Emma fait patienter les policiers dans le couloir, que son mari ait le temps de ranger toutes ses affaires et de s’installer dans une cachette qu’ils ont fabriquée, un faux fond d’armoire, derrière les couvertures et le linge de maison.
— Il n’est pas là.
— Laisse-nous entrer.
— Je prenais un bain, laissez-moi m’habiller.
— Fais venir ton mari, ordonnent les policiers qui commencent à s’agacer.
— Je n’ai aucune nouvelle de lui depuis plus d’un mois.
— Tu sais où il se cache ?
— Non, je n’en ai aucune idée.
— Nous allons défoncer la porte et fouiller la maison.
— Eh bien si vous le trouvez, donnez-lui de mes nouvelles !
Emma ouvre la porte et met son gros ventre bien en avant, sous le nez des policiers.
— Regardez comme il m’a abandonnée… dans cet état !
Les policiers entrent dans l’appartement. Emma s’aperçoit que la casquette d’Ephraïm traîne sur le gros fauteuil du salon. Alors elle feint un malaise. Elle sent la casquette s’écraser sous son poids. Son cœur bat très fort.
— Ta grand-mère Myriam n’est encore qu’un fœtus, mais elle vient d’éprouver physiquement ce que signifie avoir la peur au ventre. Les organes d’Emma se resserrent autour du fœtus.
À la fin de la perquisition, la jeune femme reste imperturbable :
— Je ne vous raccompagne pas, ou je crains bien de perdre les eaux ! dit-elle aux policiers, le front pâle. Vous seriez dans l’obligation de m’aider à accoucher.
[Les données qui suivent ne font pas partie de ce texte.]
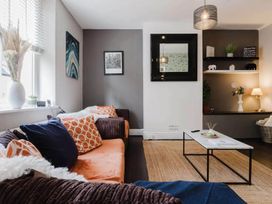 A living room with a sofa and coffee table at Licatas Apartment Cirencester Cotswolds Sleeps 6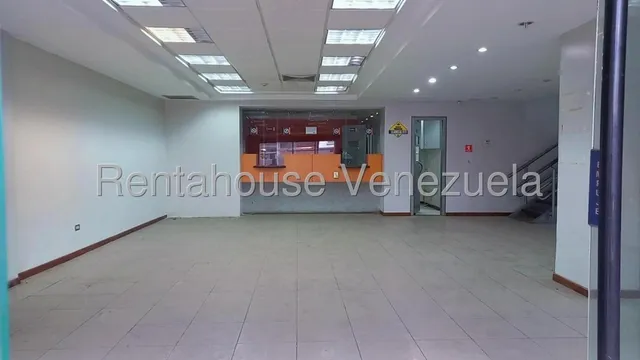En Venta Local A Pie De Calle Pueblo De Baruta Mfl257750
Les policiers s’en vont en maudissant les bonnes femmes enceintes. Au bout de longues minutes de silence, Ephraïm sort de sa cachette et trouve sa femme allongée sur le tapis devant le feu, recroquevillée sur elle-même – son ventre est si douloureux qu’elle ne peut pas se relever. Ephraïm craint le pire. Il fait la promesse à Emma que, si l’enfant survit, ils partiront à Riga, en Lettonie.
— Pourquoi la Lettonie ?
— Parce qu’elle vient tout juste d’acquérir son indépendance. Et que, désormais, les Juifs peuvent s’y installer sans être soumis aux lois sur le commerce.
Chapitre 4
Ta grand-mère Myriam – Mirotchka de son surnom familial – naît à Moscou le 7 août 1919 selon l’Office des réfugiés qui établira ses papiers à Paris. Mais la date est incertaine en raison de la différence entre le calendrier grégorien et le calendrier julien. Ainsi Myriam ne connaîtra jamais le jour exact de sa naissance.
Elle vient au monde dans la douceur éclatante de Leto, qui signifie « l’été » en russe. Elle naît quasiment dans une valise, pendant que ses parents préparent leur grand départ pour Riga. Ephraïm a étudié la rentabilité du commerce du caviar et compte se lancer dans une affaire profitable. Pour s’établir en Lettonie, Ephraïm et Emma ont vendu tout ce qu’ils possèdent, les meubles, la vaisselle, les tapis. Sauf le samovar.